If ADT is started for these patients, there is also the consideration about whether to administer it continuously or intermittently, which is addressed further in the “Intermittent Androgen Ablation in Metastatic Prostate Cancer” subchapter.
TIMING OF INITIATION OF THERAPY FOR PATIENTS WITH ASYMPTOMATIC LOW-VOLUME METASTASES AND USE OF FIRST-GENERATION ANTIANDROGENS IN CASTRATION SENSITIVE METASTATIC PROSTATE CANCER
Case 2: A 63-year-old male was found to have a PSA of 48 ng/mL after screening evaluation. A CT scan showed evidence of right pelvic bone metastasis, with uptake on a 71nuclear bone scan. Biopsy of a bone lesion was consistent with prostate cancer. The patient is otherwise asymptomatic.

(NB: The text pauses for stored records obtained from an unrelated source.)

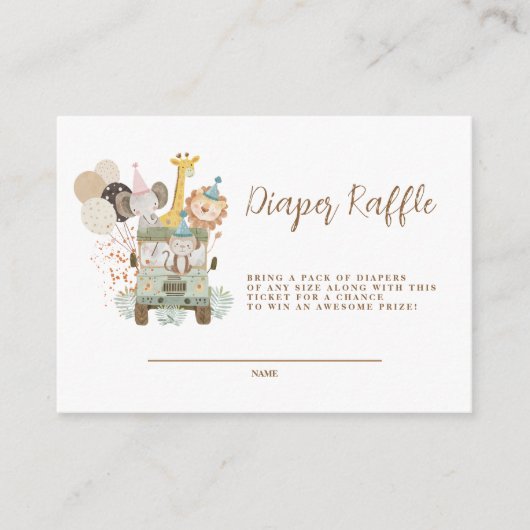 Safari Oerwoud Dieren Boho Luier Raffle Informatiekaartje (Voorkant)
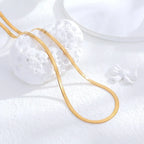 Herringbone Snake Chain Necklace - Flat Statement Choker Jewelry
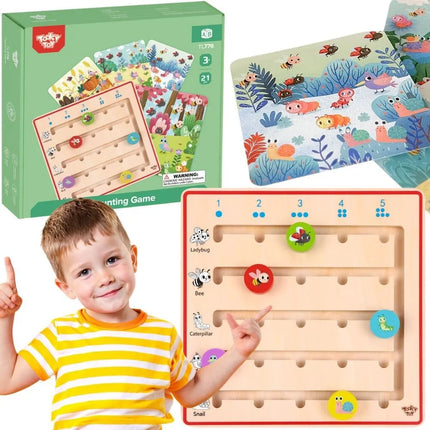 Tooky Toy medinė atminties ir skaičiavimo žaidimo lenta „Miško gyvūnėliai“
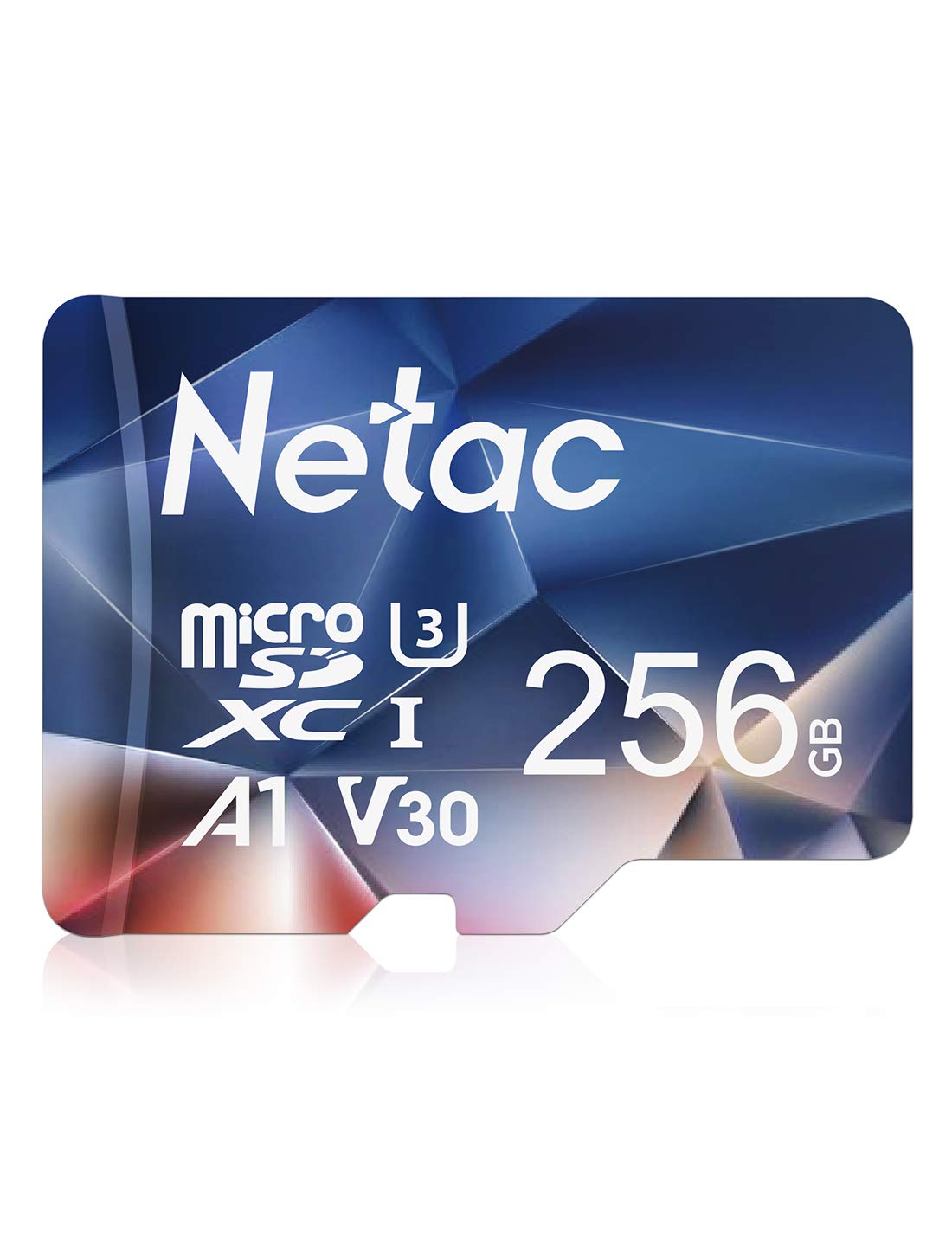 Netac 256GB MicroSDXC Memory Card, Micro SD Card, 4K Full HD Video Recording, UHS-I, C10, U3, A1, V30, for Camera, Smartphone, Security System, Drone, Dash Cam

Question 1: Should you recommend ADT?
The study of this issue has been limited by heterogeneity in the populations included in clinical trials, different triggers on initiation of ADT, and the fact that some patients do not defer therapy as originally planned (3). Also, many of the trials did not take into account prognostic factors (Gleason score, PSA response, PSA doubling time, life expectancy) into the decision-making progress. Also, while survival is a desired outcome, other factors like disease morbidity have not been consistently examined. With these limitations known, a meta-analysis looking at this question has concluded that early ADT was associated with a decrease in prostate cancer-related death, without a benefit in OS. More clinical trials are needed to answer this question; however, the information suggests that initiation of therapy should be individualized for each patient.
Question 2: Would you recommend a first-generation antiandrogen monotherapy or combined androgen blockade to this patient?

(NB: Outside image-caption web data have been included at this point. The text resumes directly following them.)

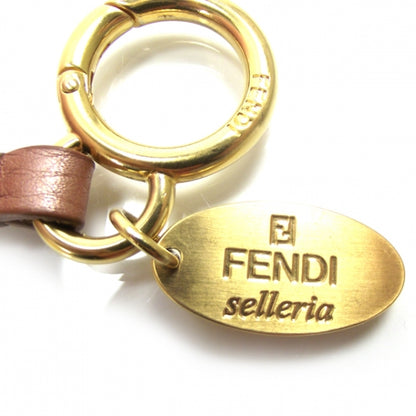 Fendi Fox Fur Calfskin Romano Selleria Pom Pom Bag Charm Pink 3 of 4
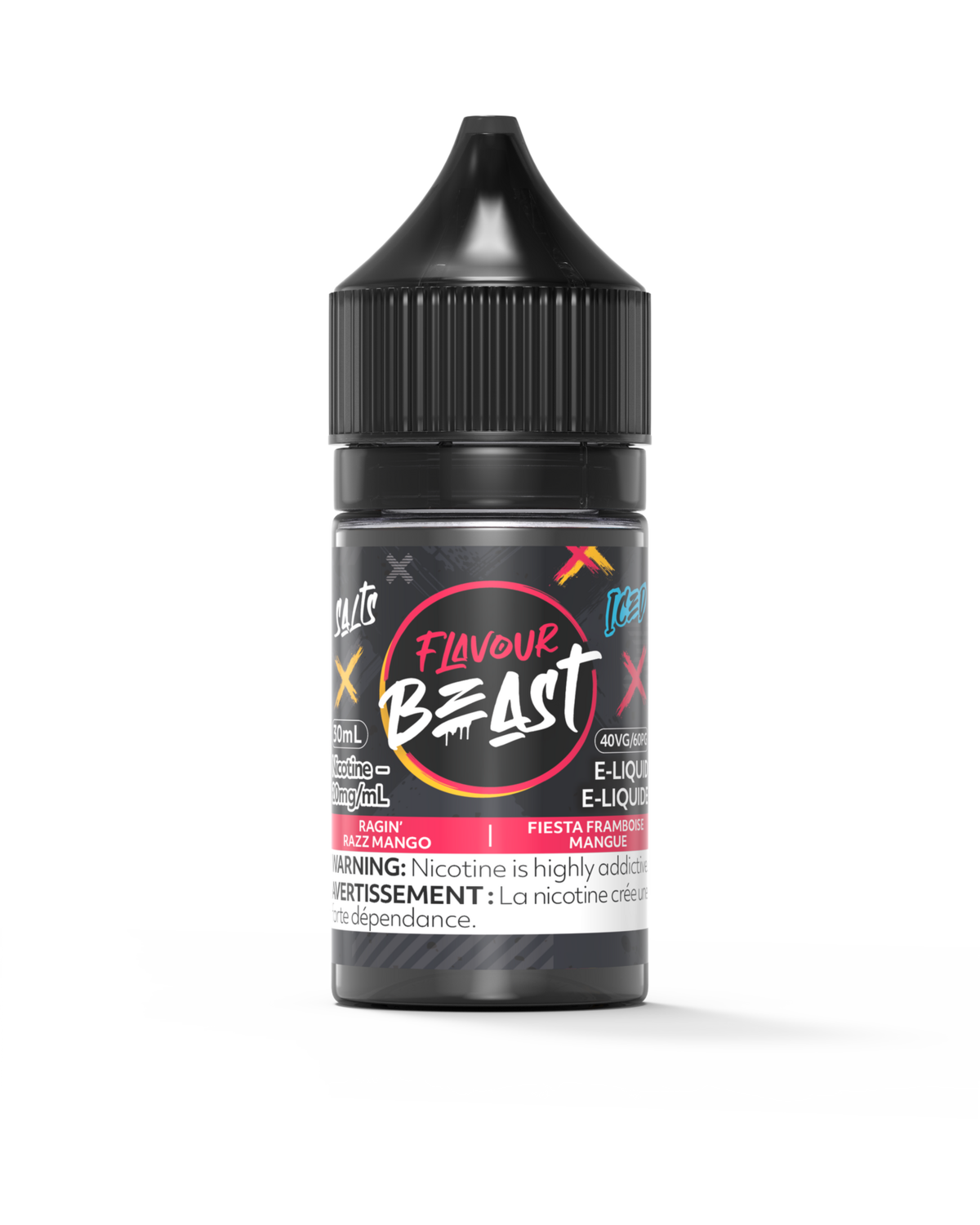 Ragin&#39; Razz Mango Iced by Flavour Beast Salt, Size: 30ml, Nicotine: 20mg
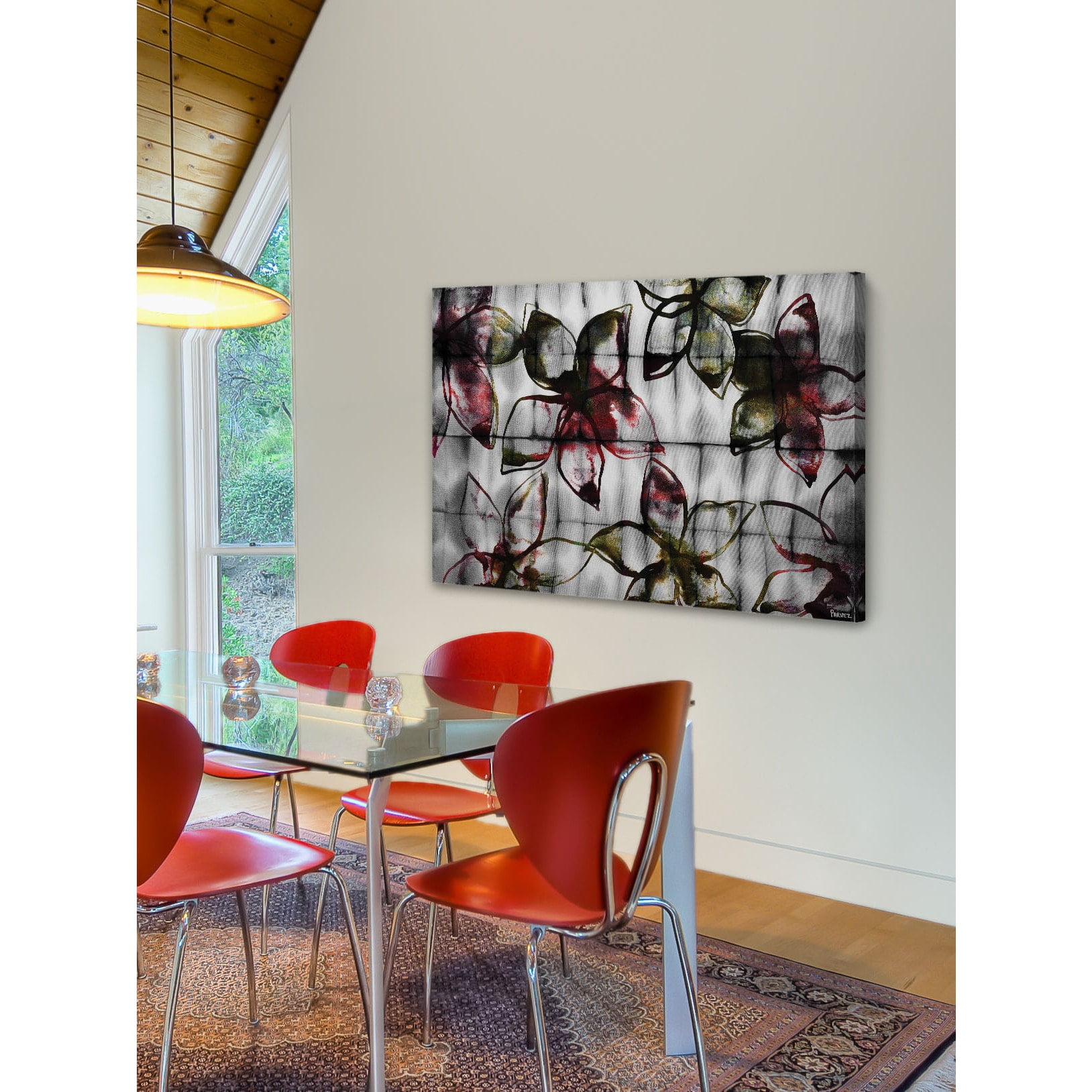 Parvez Michel Inc Parvez Taj - Floral Outlines Painting Print on Canvas - Multi-color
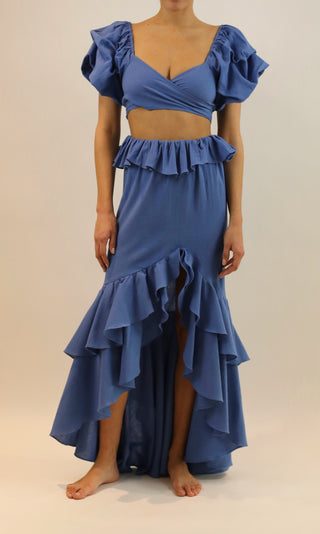 raina ruffled skirt in blue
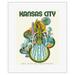 Kansas City - The City of Fountains - Vintage Travel Poster by David Klein c.1960s - Fine Art Rolled Canvas Print 11in x 14in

First-generation antiandrogens (e.g., bicalutamide, flutamide, nilutamide) are competitive inhibitors of androgens. They are typically recommended as initial bridging with a gonadotropin releasing hormone (GnRH) agonist and/or after disease progression to medical or surgical castration (castration-resistant disease) (3). A meta-analysis looking at the question of using castration or antiandrogen therapy alone as initial therapy for castration-sensitive prostate cancer found a trend toward shorter OS with antiandrogen monotherapy, although it was not statistically significant (hazard ratio [HR] 1.22, 95% confidence interval [CI] 0.99–1.40) (4). Although some studies have shown a progression free survival benefit of castration combined with antiandrogens as initial therapy (combined androgen blockade), it risks higher toxicity, and the benefit has not been consistently reproduced in clinical trials. Because of this, combined androgen blockade is not widely used (5).